Но был контакт другого типа. Как известно, для нас Эстония была Заграница, Европа и Америка, вместе взятые, иной мир. Поэтому то, что делали заграничные художники, уже априори считалось «лучшим». По сравнению с московскими грязными стоптанными башмаками или даже тапочками это были настоящие женские туфли на высоком каблуке. В 1960-х годах мы поддерживали отношения через Юло Соостера, который склеивал наше общение, и эстонцы испытывали уважение к московской группе. Но это уже из области далекой истории.

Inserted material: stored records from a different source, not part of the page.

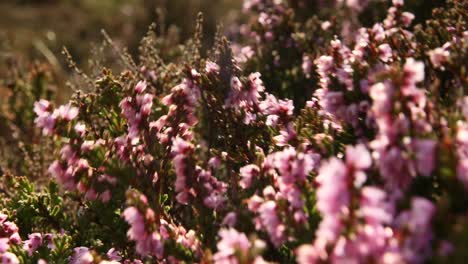 Lengheide,-Calluna-Vulgaris,-Nahaufnahme,-Hochland,-Schottland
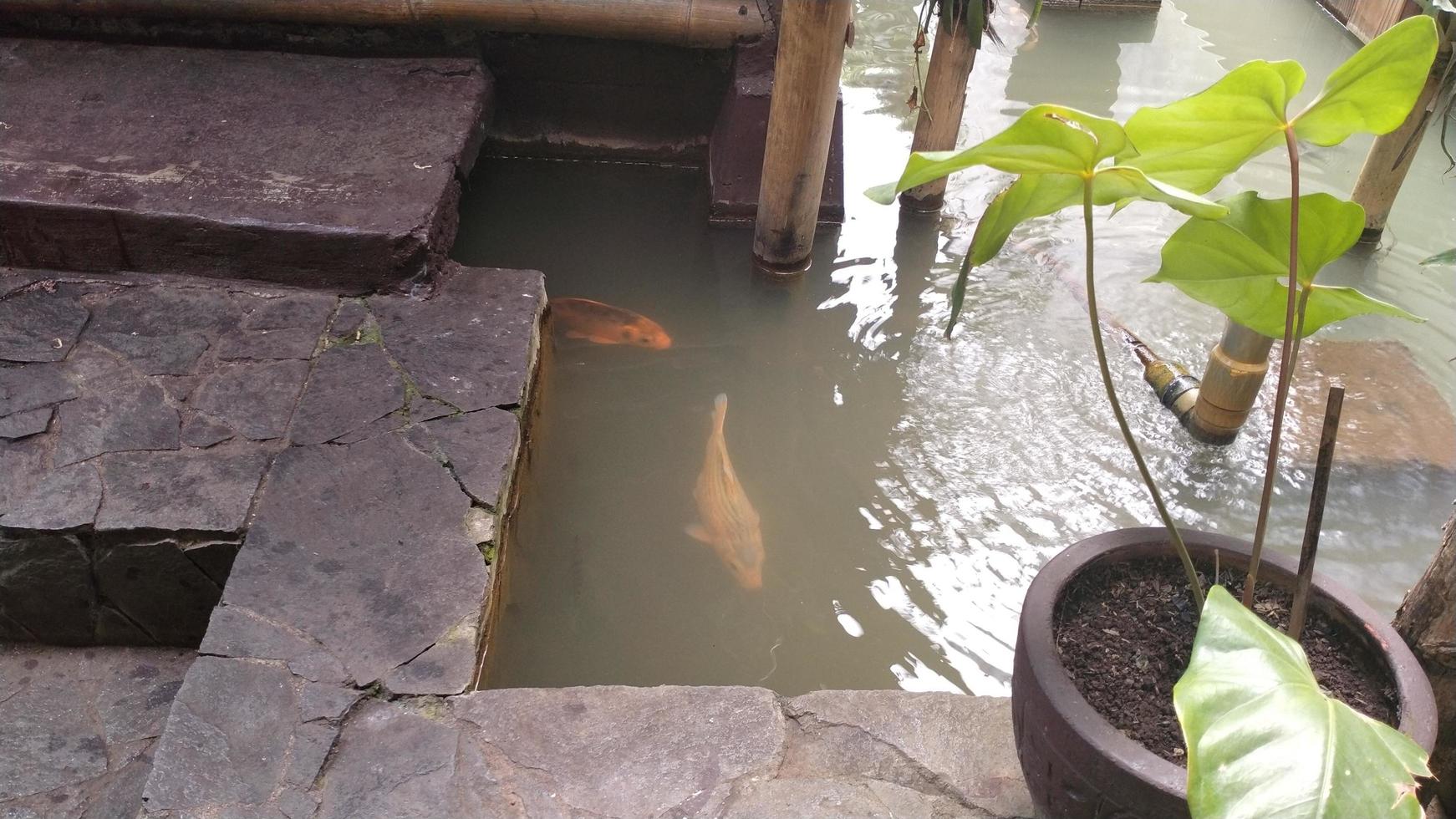 belle conception extérieure architecturale d'un étang à poissons au coin d'un jardin photo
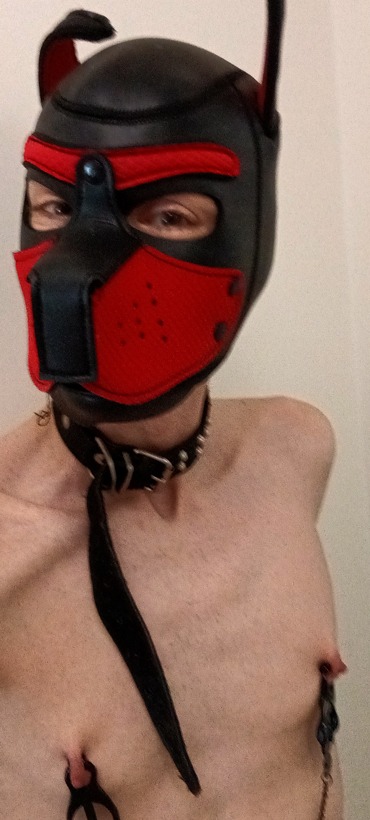 MasterNico95's tweet photo. Très mignon chiot très obéissant et fidèle depuis bien longtemps
@MasterNico95
@HardGaySexSlave
#puppy #pup #pupslave #pethuman #pupgay #tits #puppygay #gaysexe #slavegay #dog #fetishpup #fetish https://t.co/goLtFsq76W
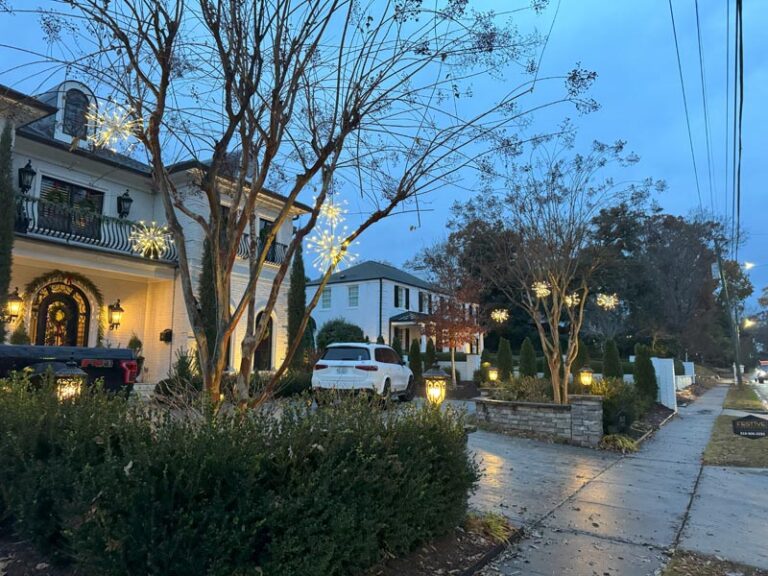 holiday yard lighting 5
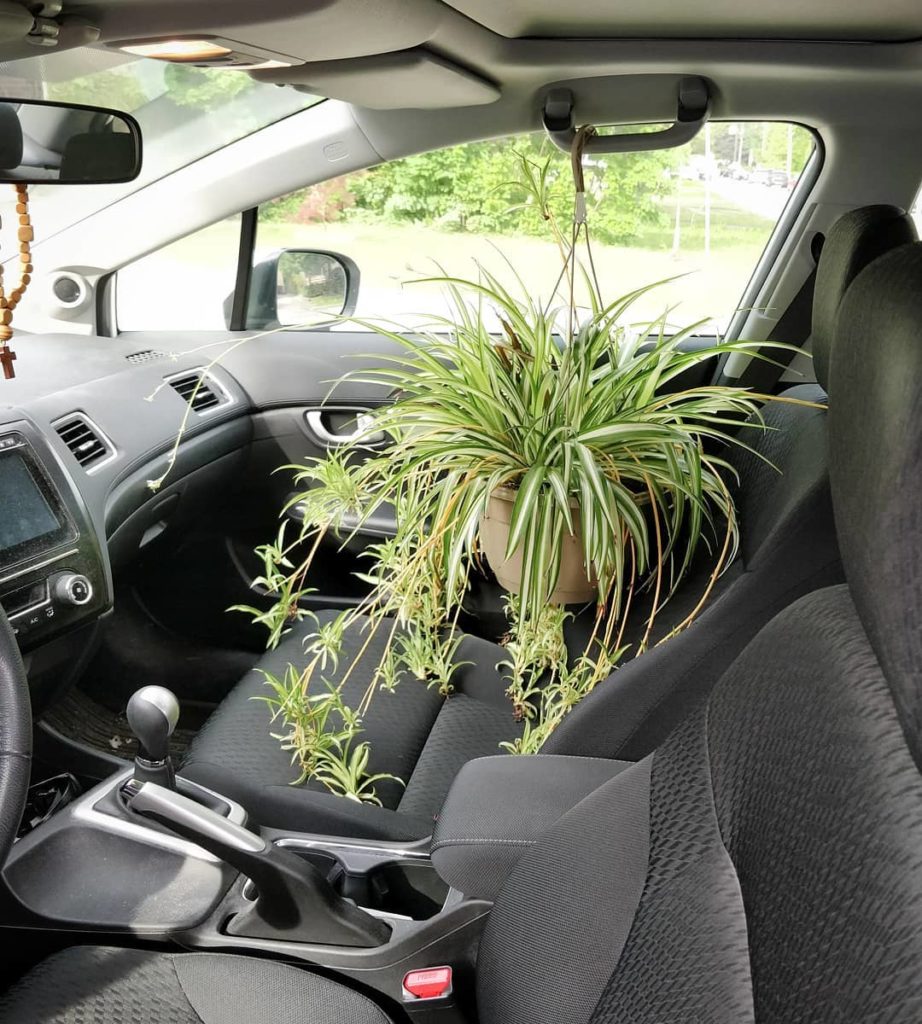 Let me clarify houseplant watering for you:
.
Q: How often do you fill up your c...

…Общение с современниками-музыкантами происходило на очень личном уровне. Если говорить про «нас», то имелся некоторый контакт с великими нашими музыкантами. Например, Володя Янкилевский долго поддерживал тесные отношения со Шнитке. Последний бывал и у меня в мастерской раза два-три. Знаком я был и с Губайдулиной, и с Денисовым, но все это носило «шапочный характер». Их отрешенность и возвышенность импонировали, а кроме того, импонировала их антиофициальность. Слушать концерты Губайдулиной, Шнитке, Денисова, Любимова просто входило в обязательный набор по приобщению к музыке, к родственному неофициальному миру. Я не был достаточным специалистом в музыке, чтобы глубоко разбираться в их творчестве, и думаю, что Шнитке имел тоже весьма суммарное представление о том, что делали мы. Так что в основном это были приятные улыбки и обмен любезностями через забор, как у хороших соседей по участку.

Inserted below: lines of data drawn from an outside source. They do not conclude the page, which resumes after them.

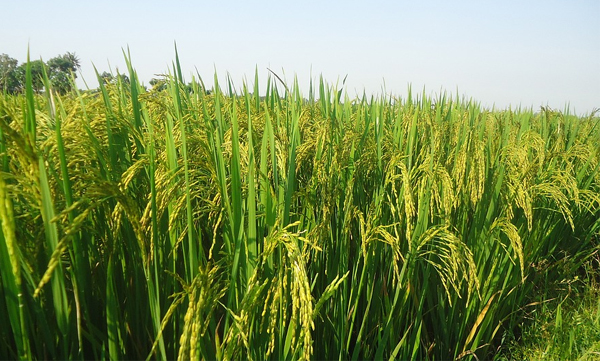 farmers protest against prs loan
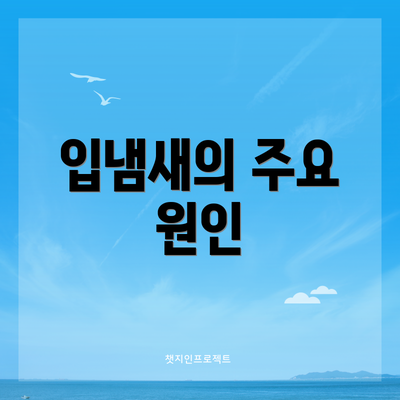 입냄새의 주요 원인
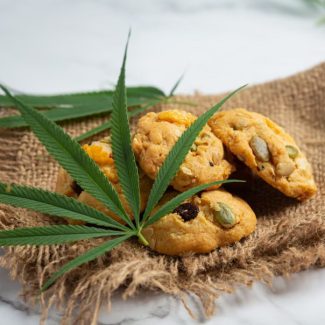 small cannabis business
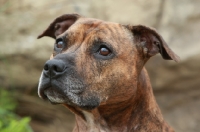 Picture of Staffordshire Bull Terrier portrait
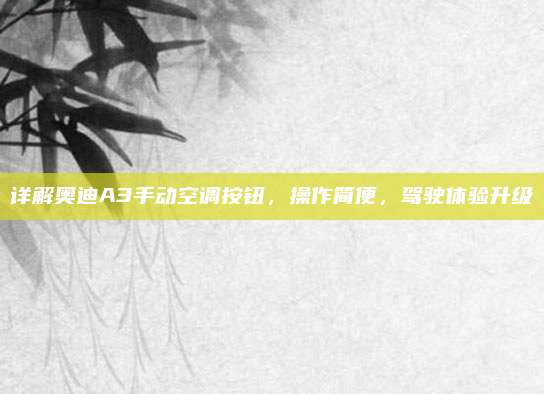 详解奥迪A3手动空调按钮,操作简便,驾驶体验升级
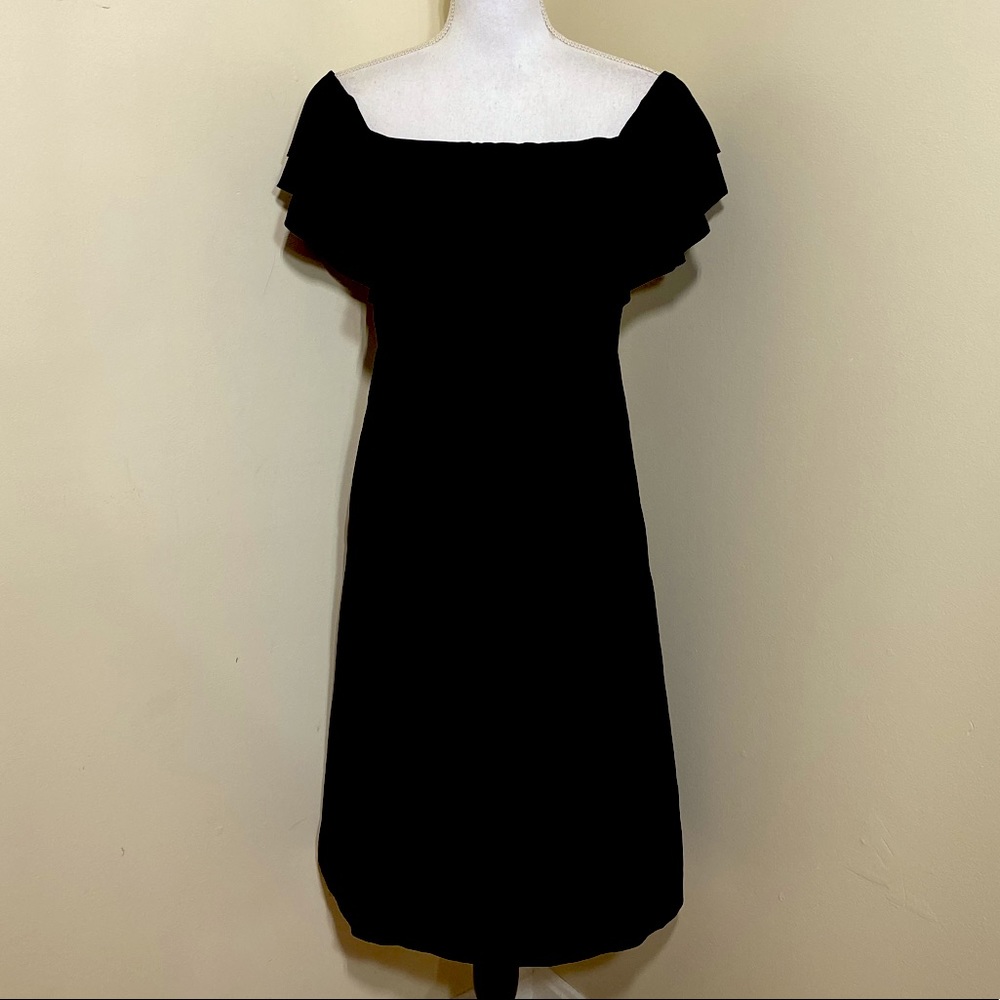 Banana Republic Ruffles Dress with side pockets size 6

Что касается поэтов, то тут все были настолько близкие родственники, что трудно сказать, что мы как-то различались. Кроме того, некоторые из них рисовали. Скажем, Дима Пригов – он был художник и поэт. И сказать, что Лёва Рубинштейн – отдельный поэтический мир, невозможно. Дистанции не было. Поэтому говорить «я был знаком с поэтами» будет слишком помпезно. Знать Лёву значит просто знать самого себя.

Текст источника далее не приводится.